The entries below need to be written out exactly, with no pictures included.

■ **DATASET EXTRACT**:
· · · ·
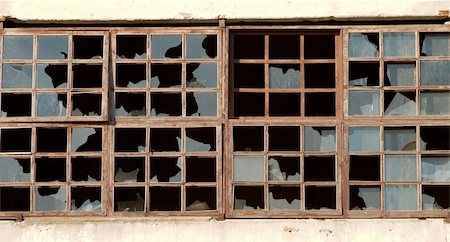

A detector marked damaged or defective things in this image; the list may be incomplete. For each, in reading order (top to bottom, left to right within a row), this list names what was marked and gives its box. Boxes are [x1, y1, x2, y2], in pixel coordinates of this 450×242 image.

shattered glass pane [2, 35, 32, 59]
shattered glass pane [37, 35, 68, 59]
broken glass fragment [37, 35, 68, 59]
shattered glass pane [149, 34, 181, 58]
broken glass fragment [150, 34, 180, 58]
shattered glass pane [185, 34, 216, 59]
broken glass fragment [350, 32, 378, 57]
shattered glass pane [348, 33, 380, 57]
shattered glass pane [384, 32, 414, 57]
shattered glass pane [418, 32, 450, 56]
shattered glass pane [1, 63, 32, 88]
broken glass fragment [1, 63, 32, 88]
shattered glass pane [37, 63, 67, 88]
shattered glass pane [185, 63, 216, 88]
shattered glass pane [268, 64, 300, 89]
broken glass fragment [268, 64, 300, 89]
shattered glass pane [384, 62, 414, 86]
shattered glass pane [422, 60, 450, 86]
shattered glass pane [37, 93, 67, 116]
shattered glass pane [185, 91, 216, 116]
shattered glass pane [420, 91, 450, 115]
shattered glass pane [71, 126, 101, 151]
shattered glass pane [304, 126, 336, 151]
shattered glass pane [348, 126, 380, 151]
shattered glass pane [384, 127, 416, 150]
shattered glass pane [0, 157, 29, 182]
broken glass fragment [0, 157, 30, 182]
shattered glass pane [149, 157, 181, 182]
shattered glass pane [234, 156, 266, 181]
broken glass fragment [234, 155, 266, 182]
shattered glass pane [268, 157, 300, 182]
shattered glass pane [384, 156, 416, 181]
shattered glass pane [422, 156, 450, 181]
shattered glass pane [35, 186, 66, 211]
broken glass fragment [35, 186, 67, 211]
shattered glass pane [70, 186, 101, 211]
shattered glass pane [236, 186, 264, 211]
shattered glass pane [268, 186, 300, 211]
shattered glass pane [350, 185, 378, 210]
shattered glass pane [384, 185, 416, 210]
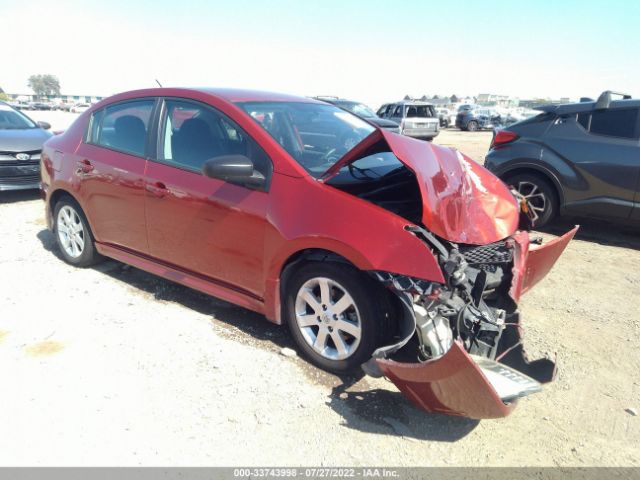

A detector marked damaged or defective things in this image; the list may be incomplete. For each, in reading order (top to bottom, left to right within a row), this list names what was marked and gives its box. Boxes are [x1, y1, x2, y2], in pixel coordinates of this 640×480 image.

crushed hood [322, 129, 516, 244]
severe front damage [322, 129, 576, 418]
detached bumper [368, 227, 576, 418]
crumpled fender [510, 226, 580, 300]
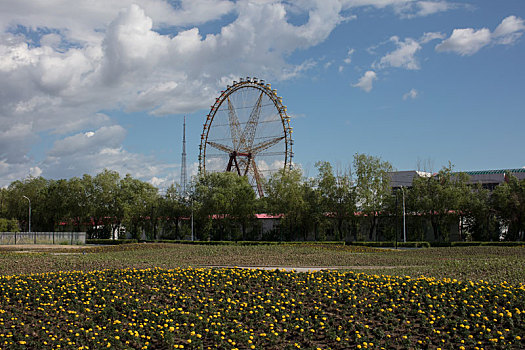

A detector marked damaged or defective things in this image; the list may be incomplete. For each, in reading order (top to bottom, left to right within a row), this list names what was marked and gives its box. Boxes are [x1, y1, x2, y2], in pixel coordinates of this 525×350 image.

rusty metal structure [199, 77, 292, 197]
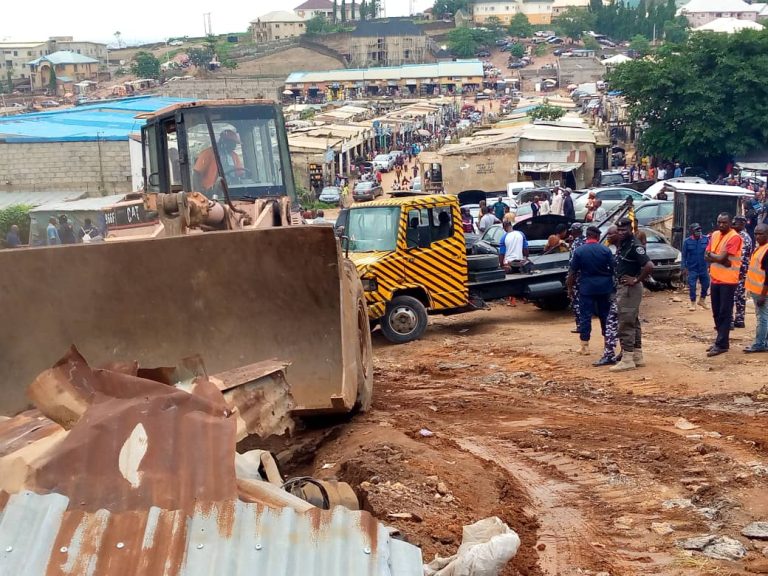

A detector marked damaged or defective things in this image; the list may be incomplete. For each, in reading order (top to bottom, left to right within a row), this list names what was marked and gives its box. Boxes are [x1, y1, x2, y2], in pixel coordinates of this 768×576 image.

rusted corrugated metal sheet [0, 490, 420, 576]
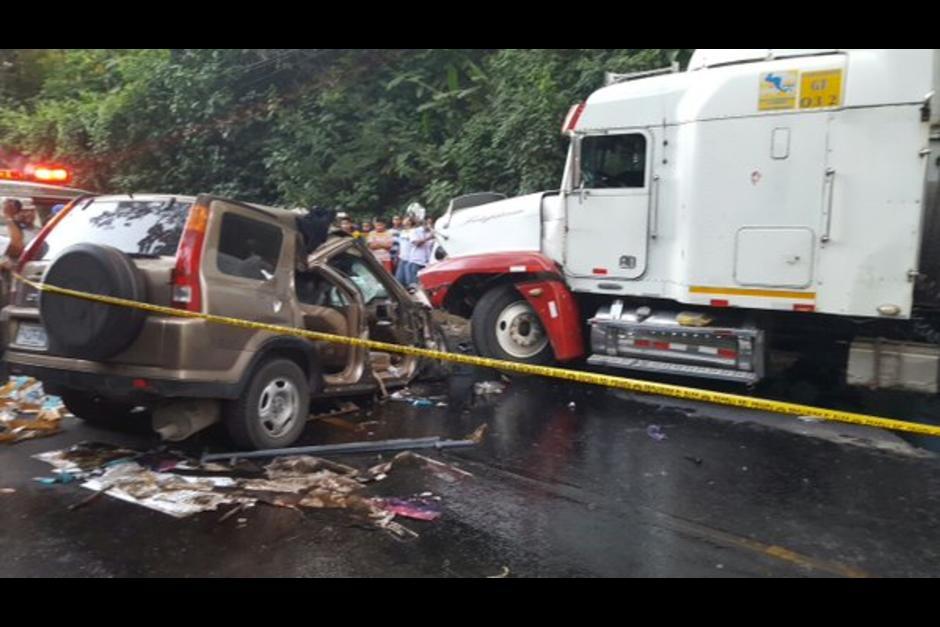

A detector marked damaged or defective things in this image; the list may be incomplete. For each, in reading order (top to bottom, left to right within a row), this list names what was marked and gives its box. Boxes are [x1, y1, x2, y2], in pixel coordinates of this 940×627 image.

damaged suv [2, 194, 444, 448]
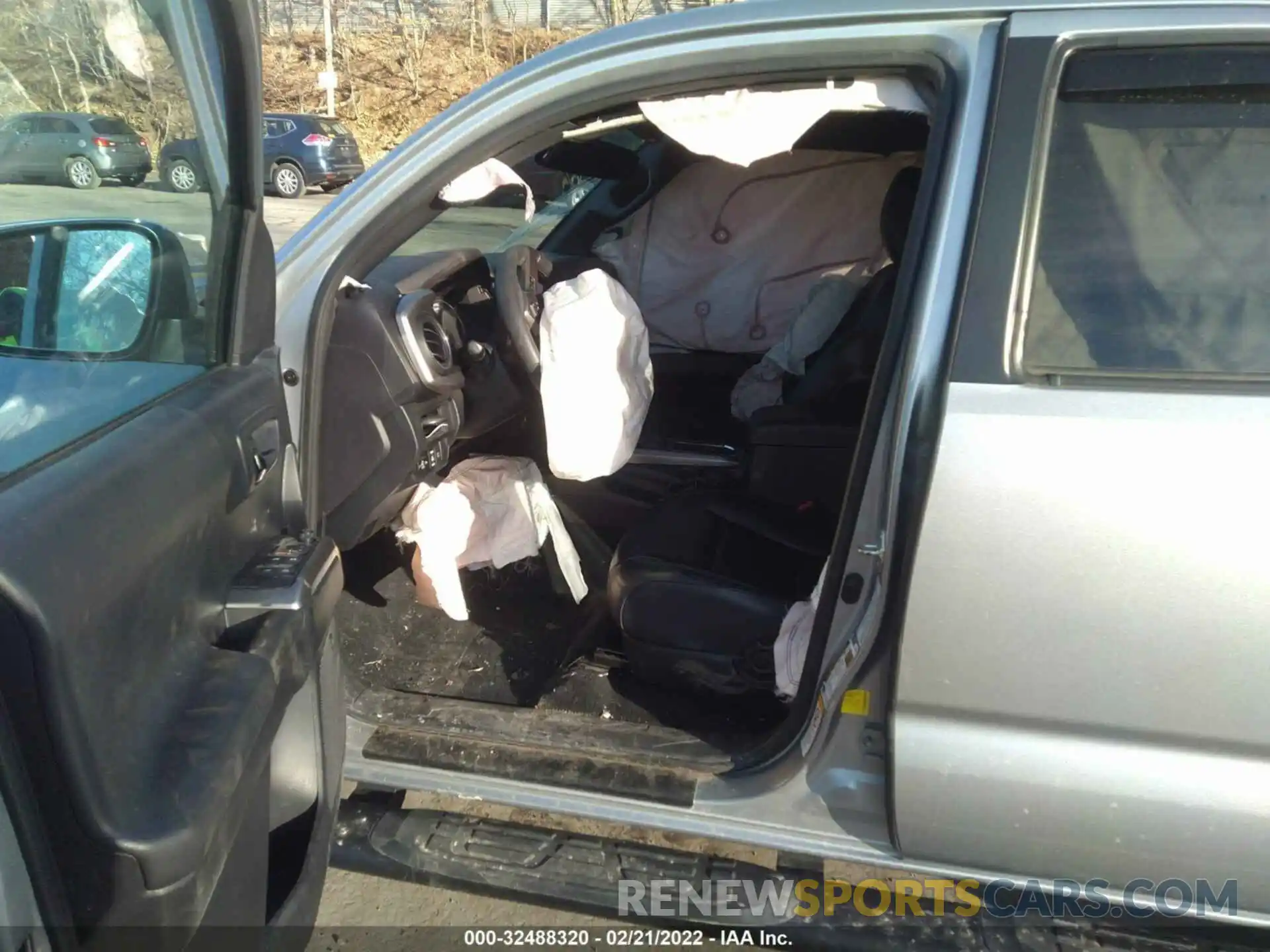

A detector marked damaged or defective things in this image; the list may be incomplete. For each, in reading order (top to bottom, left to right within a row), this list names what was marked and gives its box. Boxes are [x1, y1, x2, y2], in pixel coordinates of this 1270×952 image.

damaged dashboard [320, 249, 524, 550]
deployed airbag [534, 271, 656, 484]
deployed airbag [394, 455, 587, 621]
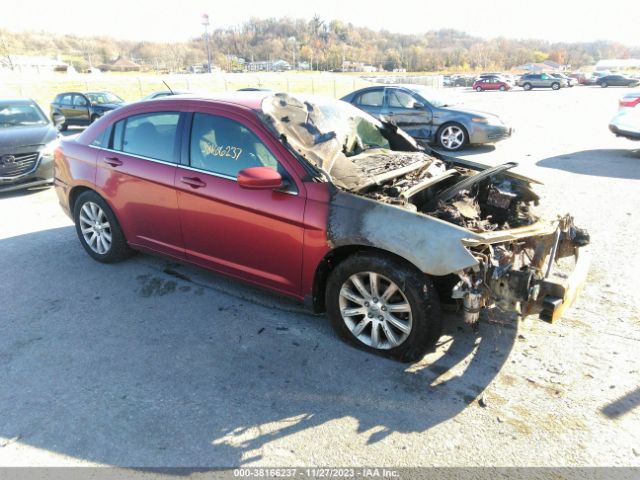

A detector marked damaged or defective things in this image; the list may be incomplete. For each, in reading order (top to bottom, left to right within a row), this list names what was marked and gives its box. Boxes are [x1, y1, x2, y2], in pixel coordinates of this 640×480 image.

damaged red sedan [55, 92, 592, 360]
fire damage [258, 93, 592, 326]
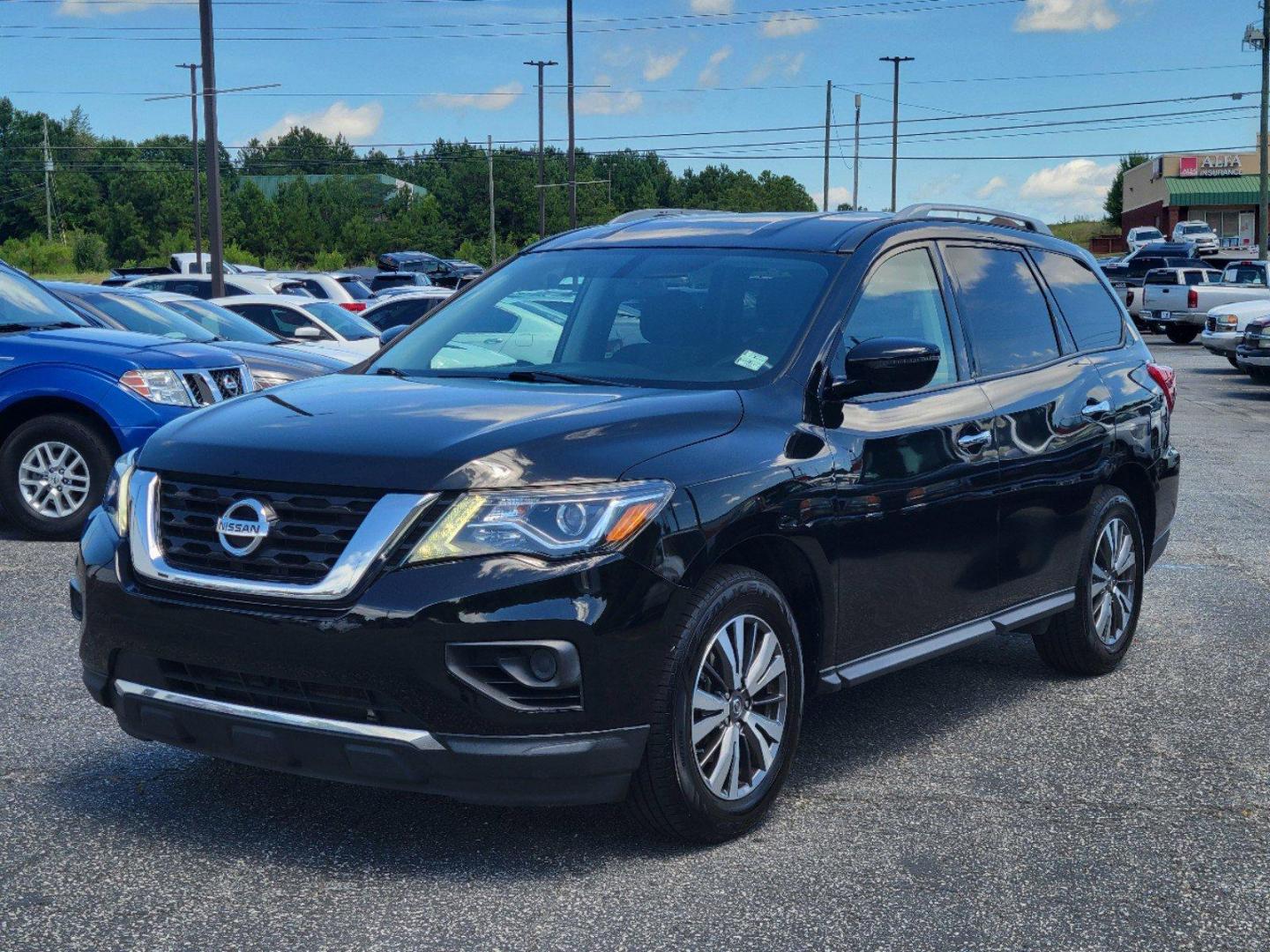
· · · ·
■ **RESULT OF THE TASK**:
A detector marked damaged or defective things in this image; the list may be incomplete. For each, in reading order (top to bottom, left to right within a row), this list names what was marked and gives its box. Boxes are [x1, y1, x2, y2], in pixel coordinates of this 450×242 image.

shattered glass pane [2, 35, 32, 59]
shattered glass pane [37, 35, 68, 59]
broken glass fragment [37, 35, 68, 59]
shattered glass pane [149, 34, 181, 58]
broken glass fragment [150, 34, 180, 58]
shattered glass pane [185, 34, 216, 59]
broken glass fragment [350, 32, 378, 57]
shattered glass pane [348, 33, 380, 57]
shattered glass pane [384, 32, 414, 57]
shattered glass pane [418, 32, 450, 56]
shattered glass pane [1, 63, 32, 88]
broken glass fragment [1, 63, 32, 88]
shattered glass pane [37, 63, 67, 88]
shattered glass pane [185, 63, 216, 88]
shattered glass pane [268, 64, 300, 89]
broken glass fragment [268, 64, 300, 89]
shattered glass pane [384, 62, 414, 86]
shattered glass pane [422, 60, 450, 86]
shattered glass pane [37, 93, 67, 116]
shattered glass pane [185, 91, 216, 116]
shattered glass pane [420, 91, 450, 115]
shattered glass pane [71, 126, 101, 151]
shattered glass pane [304, 126, 336, 151]
shattered glass pane [348, 126, 380, 151]
shattered glass pane [384, 127, 416, 150]
shattered glass pane [0, 157, 29, 182]
broken glass fragment [0, 157, 30, 182]
shattered glass pane [149, 157, 181, 182]
shattered glass pane [234, 156, 266, 181]
broken glass fragment [234, 155, 266, 182]
shattered glass pane [268, 157, 300, 182]
shattered glass pane [384, 156, 416, 181]
shattered glass pane [422, 156, 450, 181]
shattered glass pane [35, 186, 66, 211]
broken glass fragment [35, 186, 67, 211]
shattered glass pane [70, 186, 101, 211]
shattered glass pane [236, 186, 264, 211]
shattered glass pane [268, 186, 300, 211]
shattered glass pane [350, 185, 378, 210]
shattered glass pane [384, 185, 416, 210]

A detector marked damaged or defective things in this image; the list may be incomplete. For each, in reading order (top to bottom, left to right within a row), this list names what was marked and gives its box. Boxes are [x1, y1, x2, y2], in pixel coordinates of this 640×480 image.

crushed hood [322, 129, 516, 244]
severe front damage [322, 129, 576, 418]
detached bumper [368, 227, 576, 418]
crumpled fender [510, 226, 580, 300]

A detector marked damaged or defective things in this image; the list may be incomplete. For each, in reading order (top to bottom, left to right within a row), this list names what was marked and gives its box. Boxes are [x1, y1, x2, y2], in pixel coordinates of this 525×350 image.

rusty metal structure [199, 77, 292, 197]

A detector marked damaged or defective things in this image; the list may be incomplete. For each, in reading order (top to bottom, left to right within a row), this list names what was marked and gives its box. Boxes are [x1, y1, x2, y2], in pixel coordinates of this 768×576 image.

rusted corrugated metal sheet [0, 490, 420, 576]

A detector marked damaged or defective things in this image; the list may be incomplete. For each, in reading order (top to bottom, left to right within a row), this list names what was marked and gives its box. Boxes are [x1, y1, x2, y2], in pixel coordinates of this 940×627 image.

damaged suv [2, 194, 444, 448]

A detector marked damaged or defective things in this image; the list may be incomplete. For each, in reading order (top to bottom, left to right within a row), this list names what was marked and gives its box. Boxes are [x1, y1, x2, y2], in pixel coordinates of this 1270×952 image.

damaged dashboard [320, 249, 524, 550]
deployed airbag [534, 271, 656, 484]
deployed airbag [394, 455, 587, 621]

A detector marked damaged or defective things in this image; the list may be incomplete. For each, in reading order (top to bottom, left to right within a row), this list names what was marked and gives its box. Boxes are [x1, y1, x2, y2], in pixel coordinates of this 640×480 image.

damaged red sedan [55, 92, 592, 360]
fire damage [258, 93, 592, 326]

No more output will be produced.